290 5.1899 0.4750 0.0024
291 5.1899 0.4750 0.0024
292 5.1899 0.4750 0.0024
293 5.1899 0.4750 0.0024
294 5.1899 0.4750 0.0025
295 5.1899 0.4750 0.0025
296 5.1899 0.4750 0.0025
297 5.1899 0.4750 0.0025
298 5.1899 0.4750 0.0025
299 5.1899 0.4750 0.0025
300 5.1899 0.4750 0.0025
301 5.1899 0.4750 0.0024
302 5.1899 0.4750 0.0025
303 5.1899 0.4750 0.0024
304 5.1899 0.4750 0.0024
305 5.1899 0.4750 0.0025
306 5.1899 0.4750 0.0024
307 5.1899 0.4750 0.0025
You can see that it just stopped training after a while. I can confirm that the NN does give different result for different fingerprint, but somehow the final predicted value is just never good enough.

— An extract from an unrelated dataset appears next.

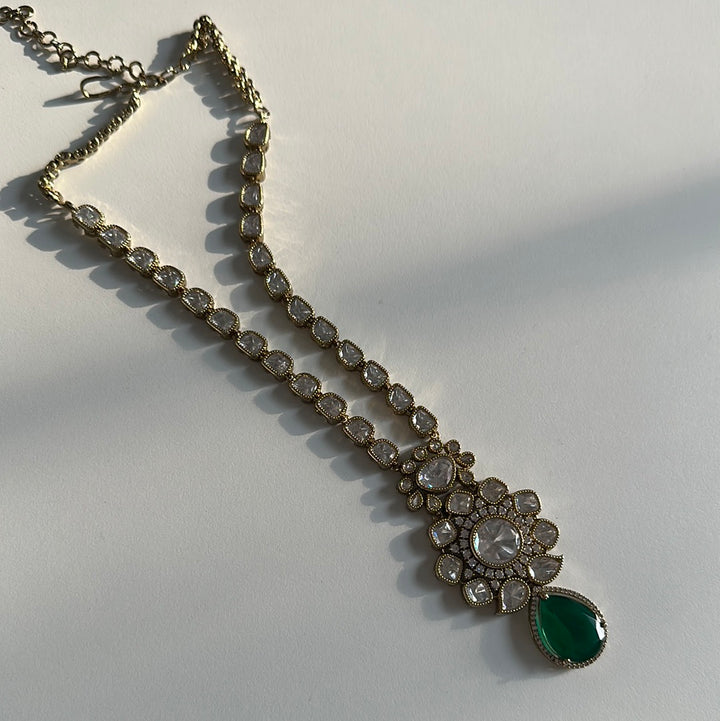 Chameli Necklace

I have tried different NN size, learning rate, batch size, activation function (tanh, relu, etc) and non of them seem to help. Do you have any insight into this? is there anything I did wrong/could try, or is NN just bad at this kind of task?
First thing I've noticed:
super(SingleNN, self).__init__()should besuper(NN, self).__init__()instead. Change that and let me know if you still get any errors.